*** AVAILABLE RECORDS ***

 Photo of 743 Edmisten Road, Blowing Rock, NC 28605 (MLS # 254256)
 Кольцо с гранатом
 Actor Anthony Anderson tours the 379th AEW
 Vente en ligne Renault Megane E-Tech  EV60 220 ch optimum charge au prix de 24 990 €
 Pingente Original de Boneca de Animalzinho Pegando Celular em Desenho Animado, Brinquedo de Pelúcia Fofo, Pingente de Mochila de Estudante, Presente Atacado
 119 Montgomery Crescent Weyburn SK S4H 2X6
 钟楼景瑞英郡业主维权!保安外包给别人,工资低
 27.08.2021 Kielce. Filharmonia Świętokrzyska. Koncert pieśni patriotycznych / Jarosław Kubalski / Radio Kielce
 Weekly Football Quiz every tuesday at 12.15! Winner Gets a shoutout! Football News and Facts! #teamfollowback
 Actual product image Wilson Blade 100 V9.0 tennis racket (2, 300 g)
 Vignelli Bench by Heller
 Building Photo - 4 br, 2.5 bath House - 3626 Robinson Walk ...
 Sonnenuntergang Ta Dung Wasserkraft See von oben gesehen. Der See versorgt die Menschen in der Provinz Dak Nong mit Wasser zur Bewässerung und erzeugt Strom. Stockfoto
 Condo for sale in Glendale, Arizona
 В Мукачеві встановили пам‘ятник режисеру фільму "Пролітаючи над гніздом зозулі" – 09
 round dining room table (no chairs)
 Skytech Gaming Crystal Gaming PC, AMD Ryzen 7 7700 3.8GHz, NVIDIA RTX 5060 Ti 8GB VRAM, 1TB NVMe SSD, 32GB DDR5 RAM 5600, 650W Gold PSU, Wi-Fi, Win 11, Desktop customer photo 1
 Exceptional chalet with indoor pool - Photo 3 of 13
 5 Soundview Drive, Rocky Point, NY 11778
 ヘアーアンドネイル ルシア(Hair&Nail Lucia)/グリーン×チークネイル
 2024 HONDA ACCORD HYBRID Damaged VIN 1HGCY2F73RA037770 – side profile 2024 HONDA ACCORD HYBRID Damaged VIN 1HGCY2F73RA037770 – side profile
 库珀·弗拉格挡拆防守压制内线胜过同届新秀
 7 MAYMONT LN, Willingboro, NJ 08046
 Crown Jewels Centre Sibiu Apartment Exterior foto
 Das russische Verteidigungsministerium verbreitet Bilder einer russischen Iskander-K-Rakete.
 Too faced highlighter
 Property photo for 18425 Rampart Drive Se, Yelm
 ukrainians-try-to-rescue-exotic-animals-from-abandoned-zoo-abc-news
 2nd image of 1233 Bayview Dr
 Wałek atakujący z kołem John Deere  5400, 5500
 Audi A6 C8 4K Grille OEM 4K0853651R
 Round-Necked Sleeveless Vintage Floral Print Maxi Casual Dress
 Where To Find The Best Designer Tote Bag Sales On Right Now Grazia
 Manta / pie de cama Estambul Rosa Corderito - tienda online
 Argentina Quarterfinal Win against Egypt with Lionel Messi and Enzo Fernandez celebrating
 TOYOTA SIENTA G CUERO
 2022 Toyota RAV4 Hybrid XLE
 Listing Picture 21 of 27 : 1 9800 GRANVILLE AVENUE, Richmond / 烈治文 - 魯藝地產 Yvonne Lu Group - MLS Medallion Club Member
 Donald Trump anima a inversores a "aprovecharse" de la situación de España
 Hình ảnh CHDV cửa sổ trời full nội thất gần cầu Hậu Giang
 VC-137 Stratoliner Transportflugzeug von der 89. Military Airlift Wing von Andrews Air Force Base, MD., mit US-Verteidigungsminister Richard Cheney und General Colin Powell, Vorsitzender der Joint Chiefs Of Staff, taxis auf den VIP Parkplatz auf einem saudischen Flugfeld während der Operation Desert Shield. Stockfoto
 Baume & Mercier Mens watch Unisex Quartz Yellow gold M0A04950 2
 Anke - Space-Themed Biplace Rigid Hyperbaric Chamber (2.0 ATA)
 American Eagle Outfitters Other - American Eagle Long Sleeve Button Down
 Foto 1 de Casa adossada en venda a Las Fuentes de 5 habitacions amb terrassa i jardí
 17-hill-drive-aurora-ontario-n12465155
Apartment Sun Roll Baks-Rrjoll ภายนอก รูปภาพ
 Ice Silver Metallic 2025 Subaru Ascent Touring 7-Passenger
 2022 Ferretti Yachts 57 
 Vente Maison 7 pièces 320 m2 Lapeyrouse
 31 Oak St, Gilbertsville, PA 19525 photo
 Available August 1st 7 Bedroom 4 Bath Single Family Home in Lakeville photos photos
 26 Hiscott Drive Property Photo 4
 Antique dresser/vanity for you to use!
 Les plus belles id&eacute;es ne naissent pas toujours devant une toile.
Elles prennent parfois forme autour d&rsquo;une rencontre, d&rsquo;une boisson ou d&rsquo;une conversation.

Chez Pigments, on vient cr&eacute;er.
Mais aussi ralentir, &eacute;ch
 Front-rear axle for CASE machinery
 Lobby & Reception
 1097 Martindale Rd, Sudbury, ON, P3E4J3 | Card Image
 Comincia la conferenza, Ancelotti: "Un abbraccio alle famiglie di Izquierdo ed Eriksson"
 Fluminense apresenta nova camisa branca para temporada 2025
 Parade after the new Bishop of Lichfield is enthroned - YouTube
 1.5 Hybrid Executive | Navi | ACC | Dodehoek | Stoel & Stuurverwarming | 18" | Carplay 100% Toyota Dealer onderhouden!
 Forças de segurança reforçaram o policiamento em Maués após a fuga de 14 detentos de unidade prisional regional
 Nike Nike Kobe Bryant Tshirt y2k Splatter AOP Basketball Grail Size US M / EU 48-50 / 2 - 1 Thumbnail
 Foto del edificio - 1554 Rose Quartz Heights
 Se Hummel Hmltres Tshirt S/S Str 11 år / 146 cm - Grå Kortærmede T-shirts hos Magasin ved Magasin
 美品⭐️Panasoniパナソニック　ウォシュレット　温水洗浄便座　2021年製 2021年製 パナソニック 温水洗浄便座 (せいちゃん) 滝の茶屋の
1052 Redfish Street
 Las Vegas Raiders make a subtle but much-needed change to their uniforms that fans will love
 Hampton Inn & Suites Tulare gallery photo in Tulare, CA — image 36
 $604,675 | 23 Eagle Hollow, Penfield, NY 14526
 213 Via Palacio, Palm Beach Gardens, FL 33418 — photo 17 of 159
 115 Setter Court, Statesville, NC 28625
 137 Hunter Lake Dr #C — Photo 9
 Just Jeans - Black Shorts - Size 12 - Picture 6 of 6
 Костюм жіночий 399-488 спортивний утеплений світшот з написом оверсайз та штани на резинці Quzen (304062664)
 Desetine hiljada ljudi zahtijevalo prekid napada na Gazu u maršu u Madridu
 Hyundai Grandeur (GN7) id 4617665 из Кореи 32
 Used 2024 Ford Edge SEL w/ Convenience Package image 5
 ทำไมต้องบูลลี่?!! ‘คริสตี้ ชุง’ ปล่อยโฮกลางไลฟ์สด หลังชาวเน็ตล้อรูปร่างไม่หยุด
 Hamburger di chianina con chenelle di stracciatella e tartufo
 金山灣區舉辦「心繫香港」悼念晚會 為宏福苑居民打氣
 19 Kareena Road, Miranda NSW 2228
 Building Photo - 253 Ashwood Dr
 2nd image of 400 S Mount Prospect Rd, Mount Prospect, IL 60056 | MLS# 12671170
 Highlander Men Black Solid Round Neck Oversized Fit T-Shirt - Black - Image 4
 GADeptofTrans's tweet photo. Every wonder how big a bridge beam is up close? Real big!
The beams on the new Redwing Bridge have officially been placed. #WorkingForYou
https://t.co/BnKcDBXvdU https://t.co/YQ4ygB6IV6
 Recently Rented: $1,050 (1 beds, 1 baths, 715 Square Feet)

*** End of AVAILABLE RECORDS ***

- ASSIGNED TASK: Starting at the line that contains "GADeptofTrans's tweet photo.", print every line through the end of the listing, word for word. Leave out all the rest.

- RESULT OF THIS TASK:
 GADeptofTrans's tweet photo. Every wonder how big a bridge beam is up close? Real big!
The beams on the new Redwing Bridge have officially been placed. #WorkingForYou
https://t.co/BnKcDBXvdU https://t.co/YQ4ygB6IV6
 Recently Rented: $1,050 (1 beds, 1 baths, 715 Square Feet)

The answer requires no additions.